Zu den Neuerungen gehörten die Richtlinienkompetenz des Bürgermeisters, die Umstellung vom Feierabend- auf ein Teilzeitparlament und die Erweiterung des repräsentativ-parlamentarischen Systems um Elemente direkter Demokratie, die es zum Teil schon in der Verfassung von 1921 gegeben hatte.
Wir haben im Laufe der Jahre auch gesellschaftliche Anliegen und neue Ziele in die Verfassung aufgenommen, die 1952 noch nicht im öffentlichen Bewusstsein standen.
1996 hat sich Hamburg das Staatsziel gesetzt, die Gleichstellung von Frauen und Männern zu fördern.
Seit 1986 verpflichtet uns die Verfassung zum Schutz der natürlichen Lebensgrundlagen, seit Februar 2020 zur Begrenzung der Erderwärmung und damit zum Klimaschutz.

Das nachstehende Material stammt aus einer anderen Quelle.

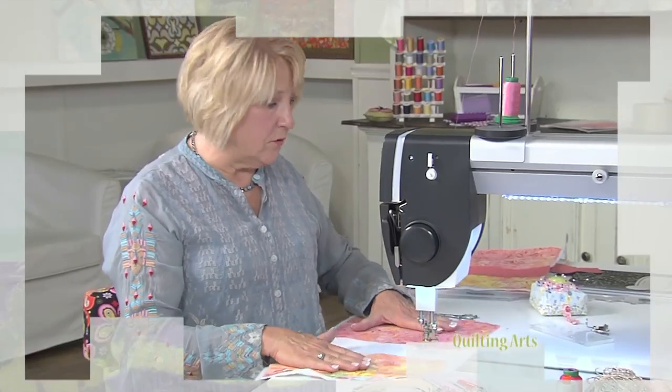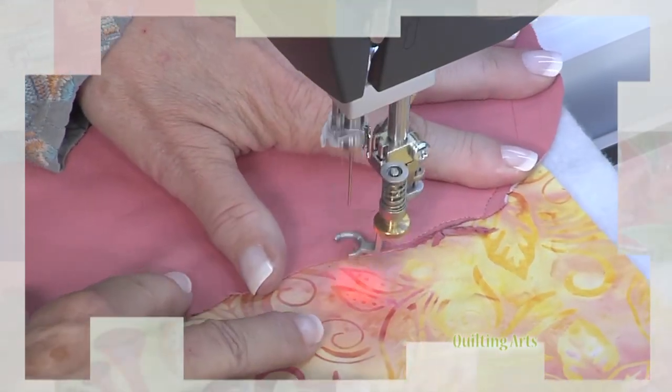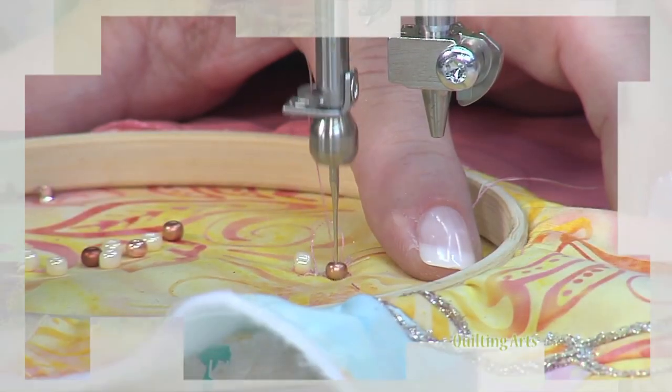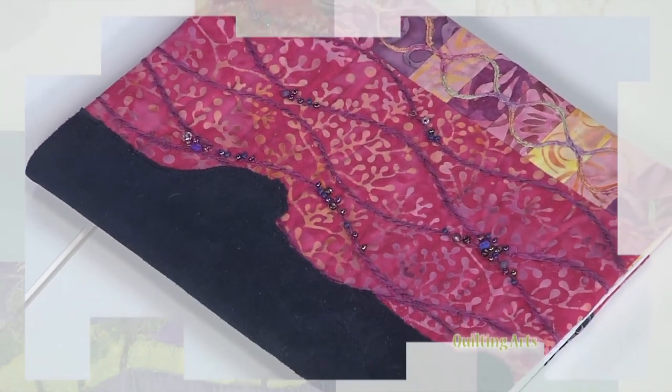Then meet Nina McVeigh for a journal cover featuring free motion quilting on leather, couching with the ruler foot, and machine beading. Who knew you could stitch leather on a long arm machine? Specialty Fabrics today on Quilting Arts.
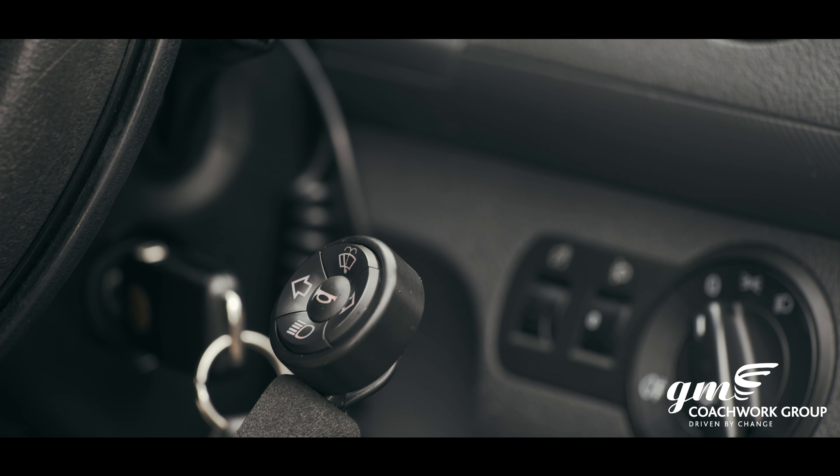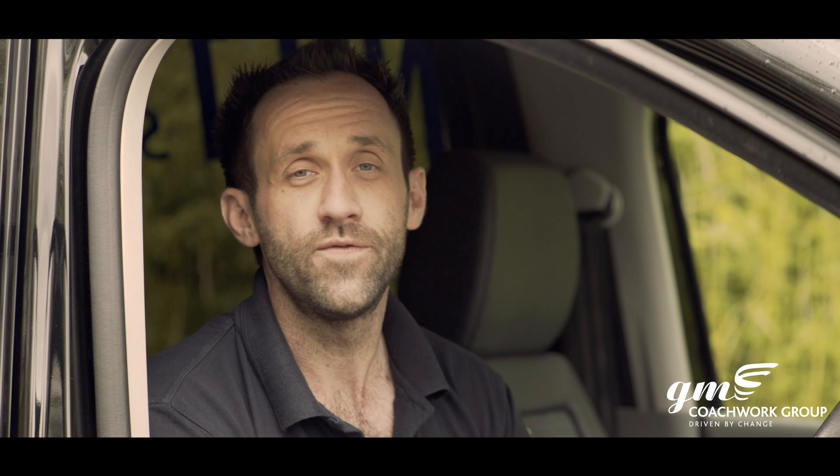The multi-function touchpad is available on both the Motability scheme and for retail private purchase. If you think it's something that will work with your hand controls and will work for you, why not give us a call? We can talk you through the features, the functions, pricing, and availability.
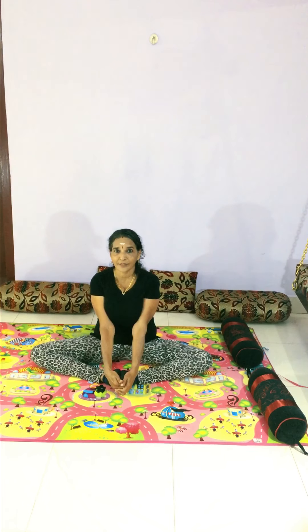Now I would like to show you the bound angle pose. Sit down and stretch — it's a great way to stretch the body, and here also we can include the breathing. Breathe out.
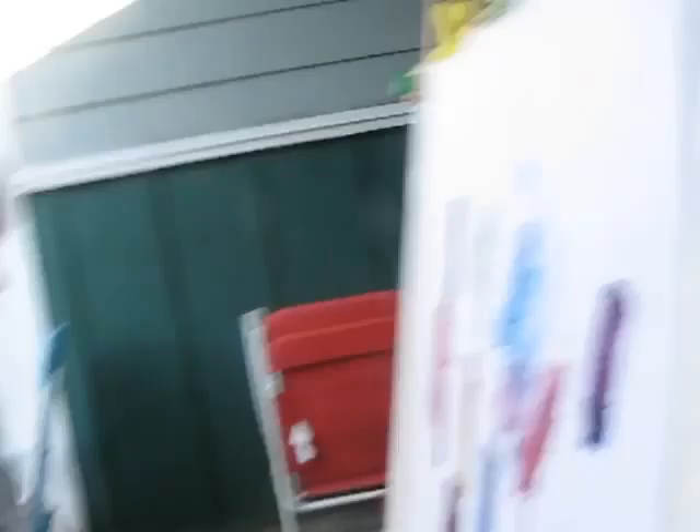Yes, baby? What does green and red make? I don't know. It makes dark red. Oh, okay. Very good. He's mixing everything here it looks like.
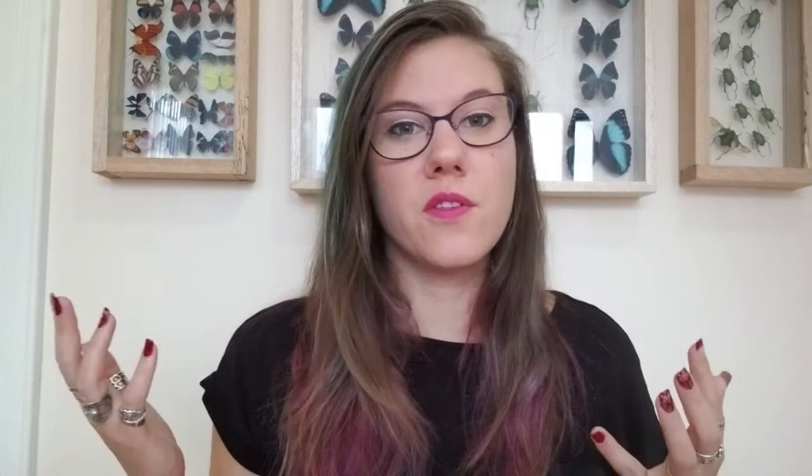If you're interested in any of the studies or references I used today, feel free to check out the links in the description so you can take a closer look. I hope your curiosity was piqued, you learned something new, and that you are excited to keep learning about bugs.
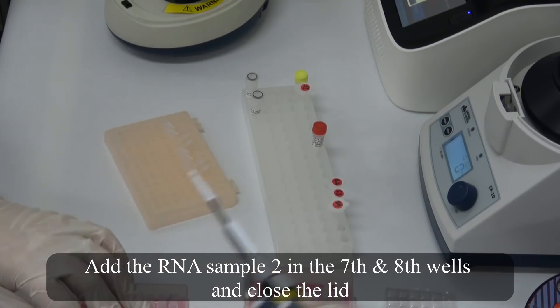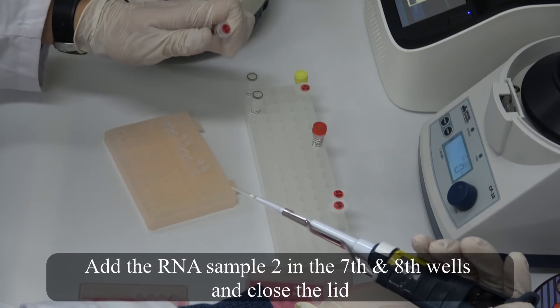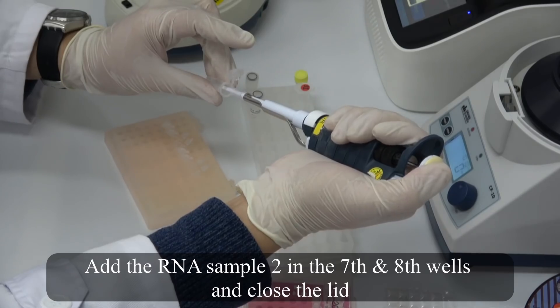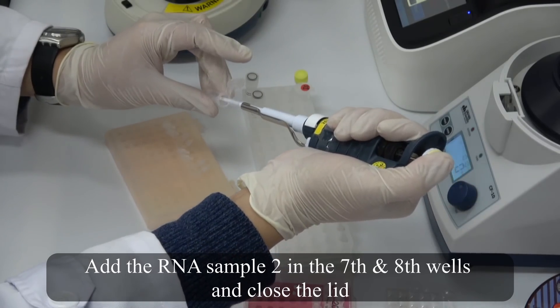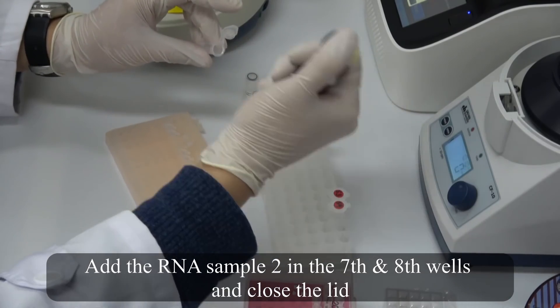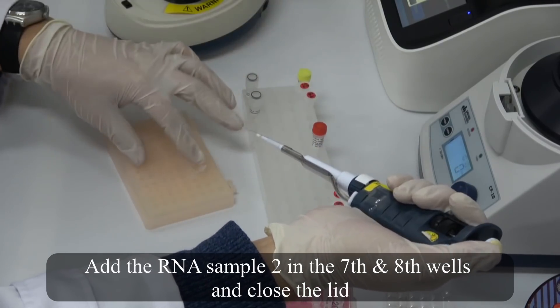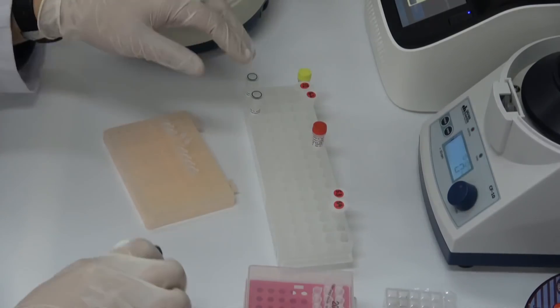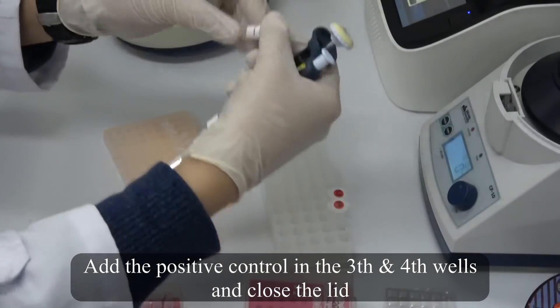Add the RNA sample two in the 7th and 8th wells and close the lid. Add the positive control in the 3rd and 4th wells and close the lid.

Hamburg hat damit gleich zwei Mal bundesweit eine Vorreiterrolle übernommen.
Meine Damen und Herren,
unsere Verfassung hat maßgeblich zur positiven Entwicklung Hamburgs nach dem Zweiten Weltkrieg beigetragen.
Im Verbund mit dem Grundgesetz ist sie ein starkes Fundament für die Staatsorganisation in Hamburg und ein gutes Zusammenwirken von Bürgerschaft, Senat und Verfassungsgericht.
Die Hamburger Verfassung gibt uns Orientierung und demokratische Stabilität. Sie mahnt und verpflichtet uns auf grundlegende Werte und Ziele zum Wohle aller Bürgerinnen und Bürger unserer Stadt.
Meine Damen und Herren,
Max Brauer hat in seiner Amtszeit den gesamten Prozess der Verfassungsgebung begleitet und rief den Anwesenden am Tag der finalen Abstimmung in der Bürgerschaft die Worte ins Gedächtnis, die über dem Rathaus-Eingang stehen:
„Die Freiheit, die schwer errungen die Alten, möge die Nachwelt würdig erhalten.“
Der Angriff Russlands auf die Ukraine zeigt uns, welche Bedeutung diese Worte bis heute haben.
Herzlichen Dank.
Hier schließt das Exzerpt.